It goes beyond accurately reproducing existing racecars and racetracks, though. The next step is to build the new MX-5 in iRacing, and use it to develop the MX-5 Cup version for the Idemitsu Mazda MX-5 Cup Presented by BFGoodrich® Tires and the new MX-5 Cup. If they want to try a different sway bar diameter or spring rate, they can do it in simulation before trying it out on the real car.
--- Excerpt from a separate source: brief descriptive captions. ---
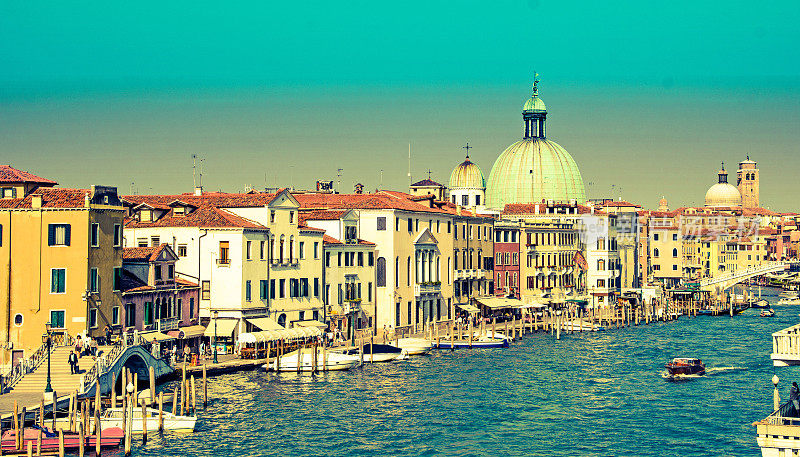 威尼斯大运河上的宫殿、住宅、船只、出租车的色彩得到了增强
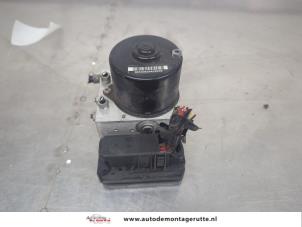 O209056 Gebruikte abs pomp Volvo C70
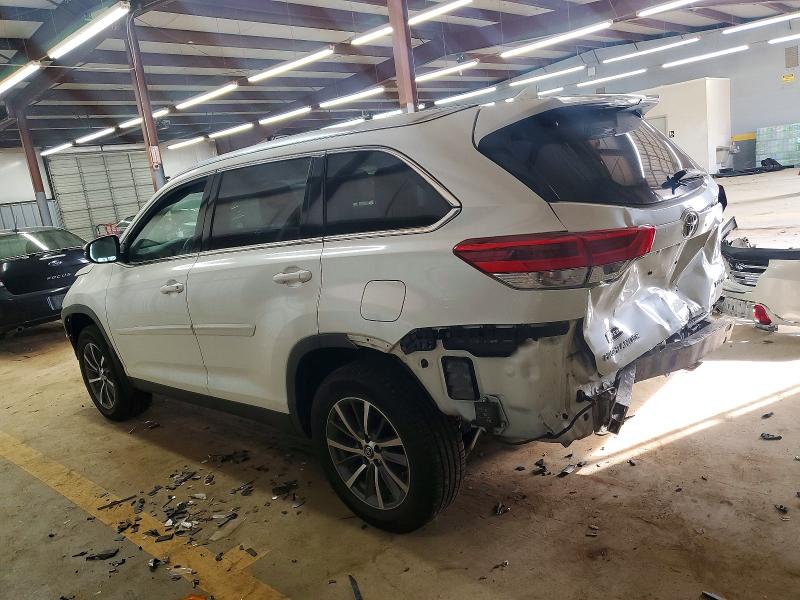 Photo 2 from auction – 2019 TOYOTA HIGHLANDER with VIN 5TDJZRFH4KS991568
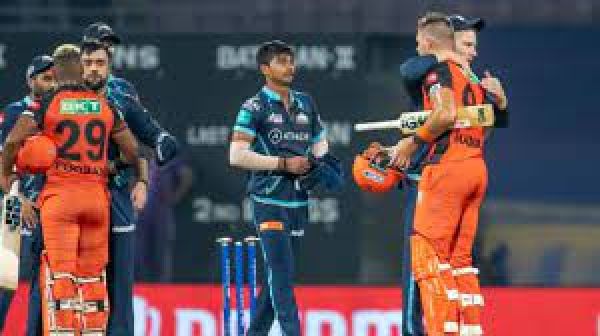 प्लेऑफ में जगह सुरक्षित करने के लिए सनराइजर्स से भिड़ेगा गुजरात टाइटंस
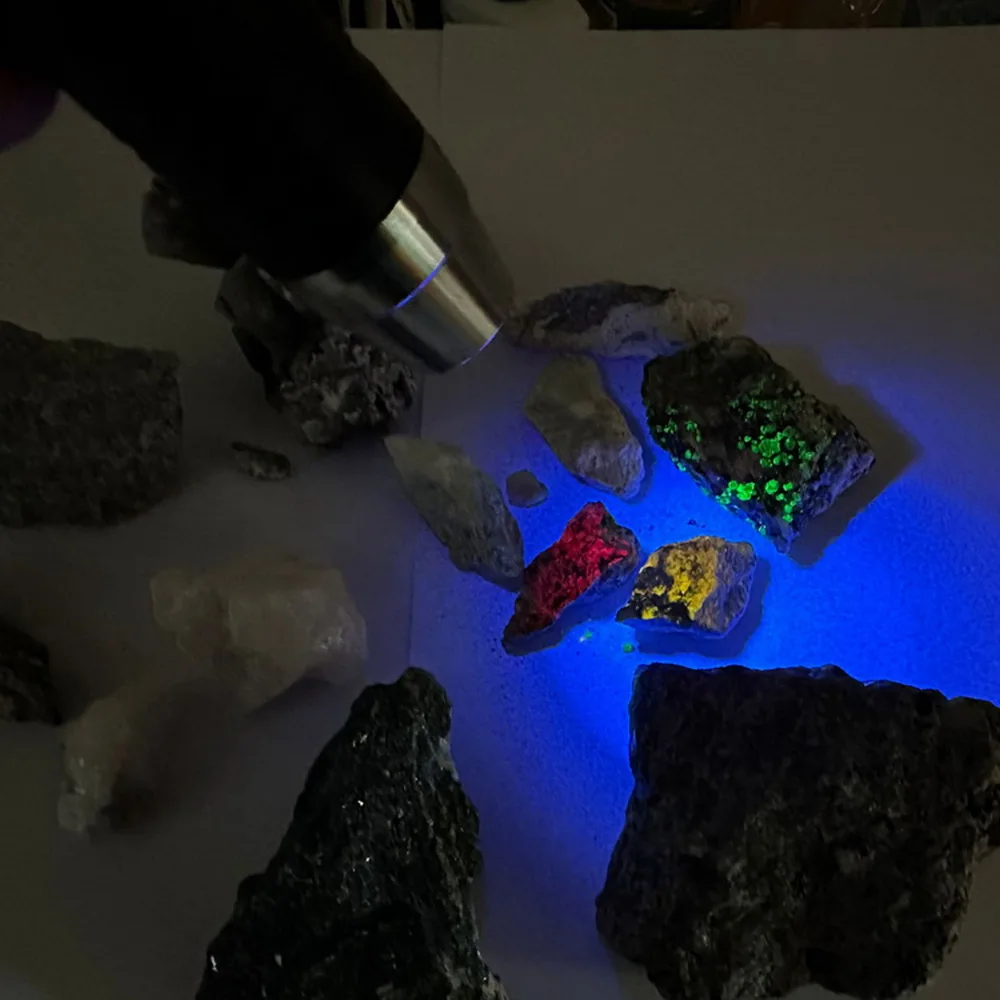 Shortwave 254nm UVC LED Flashlight SW UV Torch Lamp Fluorescent Minerals Phosphor with ZWB3 Optical Filter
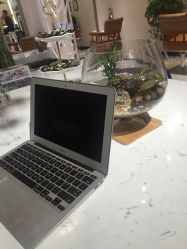 -虫二·专注健康烫染沙龙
“As we developed the Mazda SKYACTIV Prototype, we used a tool called Driver-In-The-Loop simulation that puts the driver in the loop, because oftentimes we’ve found that the simulation will tell you exactly what RPM to be at at that point on the racetrack, but then the driver gets in and finds that if he varies from that ideal, it might compromise a little in that corner, but it’s better in the next,” explains Mo Murray of Just Marketing, Inc., which oversees many of Mazda’s marketing efforts. “It’s very expensive, and not something that everyone has access to. So when Mazda is developing the next MX-5 Cup car, the iRacing team will do the same thing for us, because we can get our test driver to go with their engineers and make real-time changes to the car. It will give us more testing in the finite amount of time we have than we would otherwise have access to if we had to go to a real racetrack and test every change we wanted to.”

It may also provide potential buyers who can’t get their hands on a real 2016 MX-5 to drive due to high demand in the beginning the opportunity to “drive” the new car.

In the meantime, racers who want to learn a new track, or perhaps try driving a car they may not otherwise have access to, can give it a go on iRacing. And, if they’re good enough, earn a shot to compete for a drive in a real MX-5 Cup car in 2016.